### WORK INSTRUCTIONS:
Make an exact transcript of the lines in the data below, starting with the one containing "A styled bookshelf" and going on through the one containing "Un tazón de", with both included and the pictures left out.

### DATA SUPPLIED:

☆ ☆ ☆ ☆ ☆ ☆ ☆

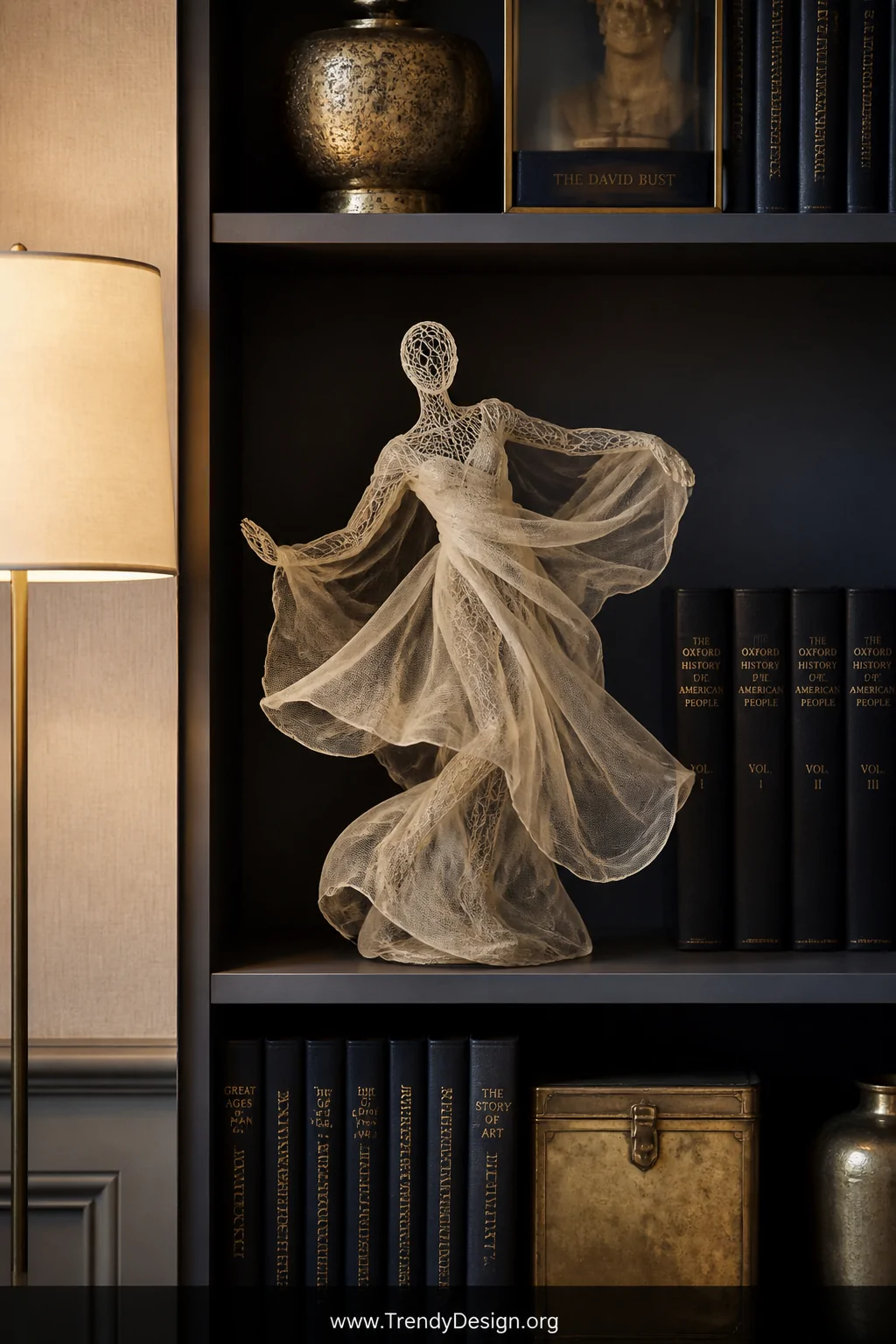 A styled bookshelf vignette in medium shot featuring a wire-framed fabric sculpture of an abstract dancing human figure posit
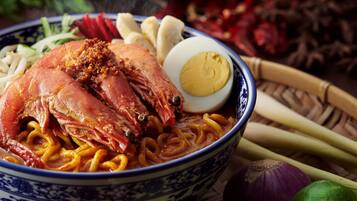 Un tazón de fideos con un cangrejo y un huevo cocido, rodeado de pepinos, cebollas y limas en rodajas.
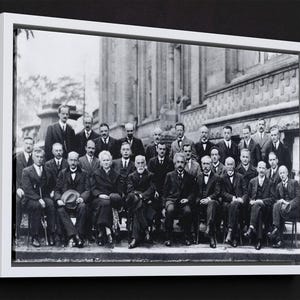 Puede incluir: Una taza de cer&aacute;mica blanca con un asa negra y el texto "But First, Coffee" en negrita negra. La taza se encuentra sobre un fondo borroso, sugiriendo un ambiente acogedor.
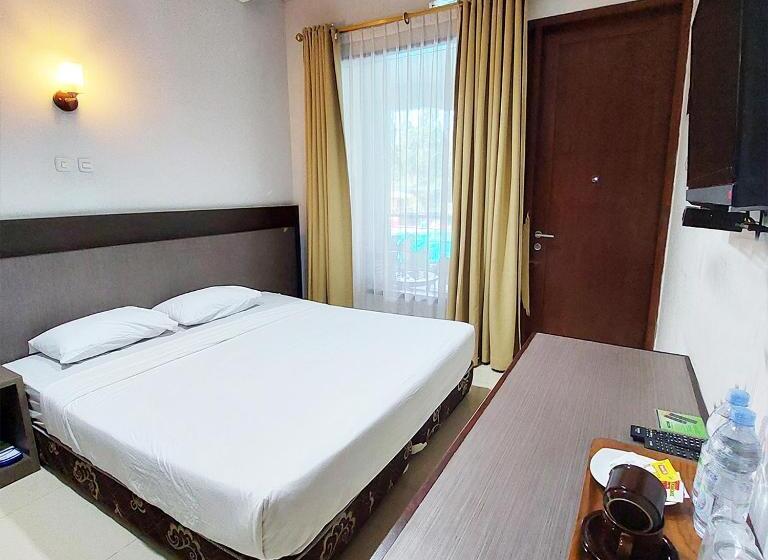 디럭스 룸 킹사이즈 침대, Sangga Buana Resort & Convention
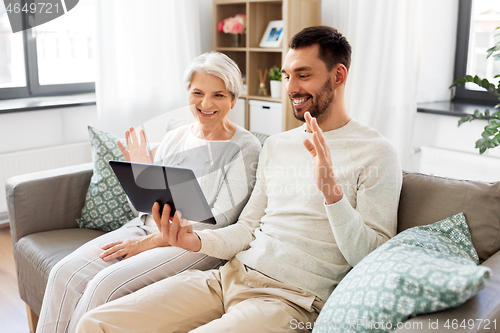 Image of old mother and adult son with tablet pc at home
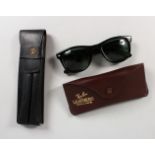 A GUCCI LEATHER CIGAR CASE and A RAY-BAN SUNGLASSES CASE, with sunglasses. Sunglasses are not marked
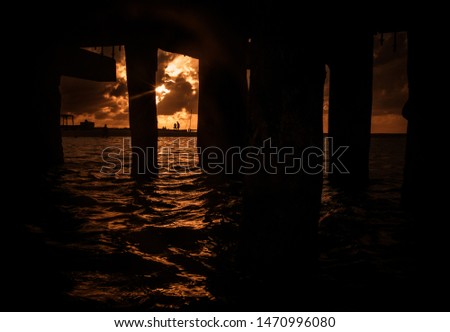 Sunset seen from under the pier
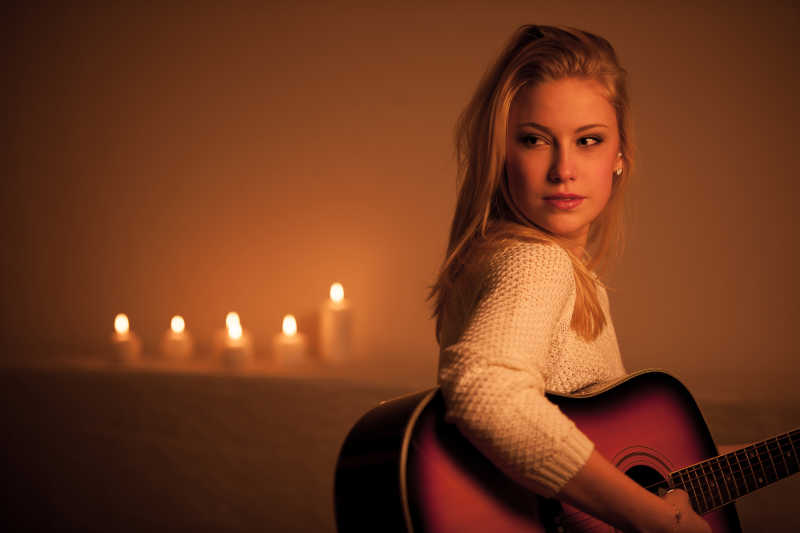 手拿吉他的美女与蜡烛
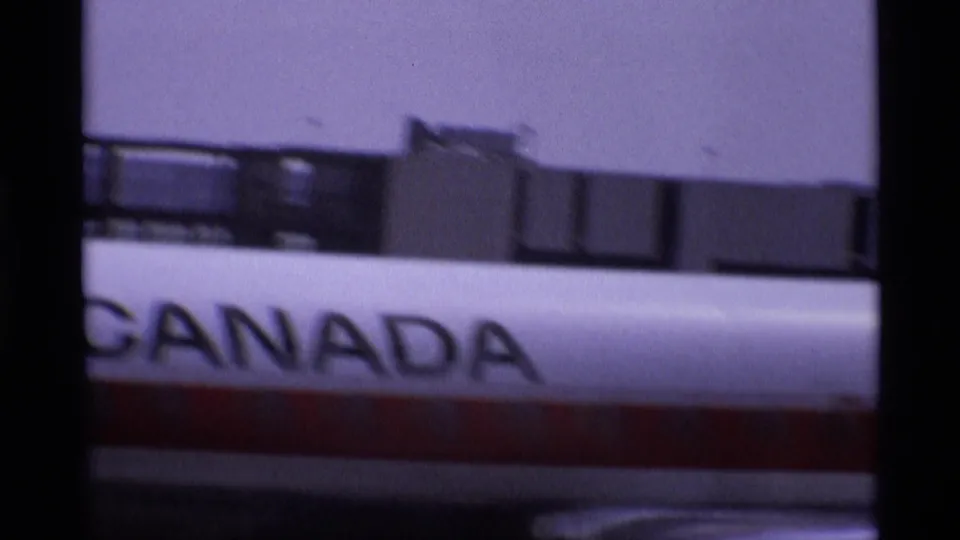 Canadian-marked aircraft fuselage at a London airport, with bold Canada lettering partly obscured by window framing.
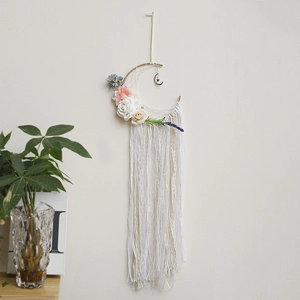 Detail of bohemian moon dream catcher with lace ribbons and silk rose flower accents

☆ ☆ ☆ ☆ ☆ ☆ ☆

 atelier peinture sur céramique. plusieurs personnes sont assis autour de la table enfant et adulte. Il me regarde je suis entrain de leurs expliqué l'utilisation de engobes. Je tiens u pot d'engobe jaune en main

☆ ☆ ☆ ☆ ☆ ☆ ☆

### ANSWER BELOW:
 A styled bookshelf vignette in medium shot featuring a wire-framed fabric sculpture of an abstract dancing human figure posit
 Un tazón de fideos con un cangrejo y un huevo cocido, rodeado de pepinos, cebollas y limas en rodajas.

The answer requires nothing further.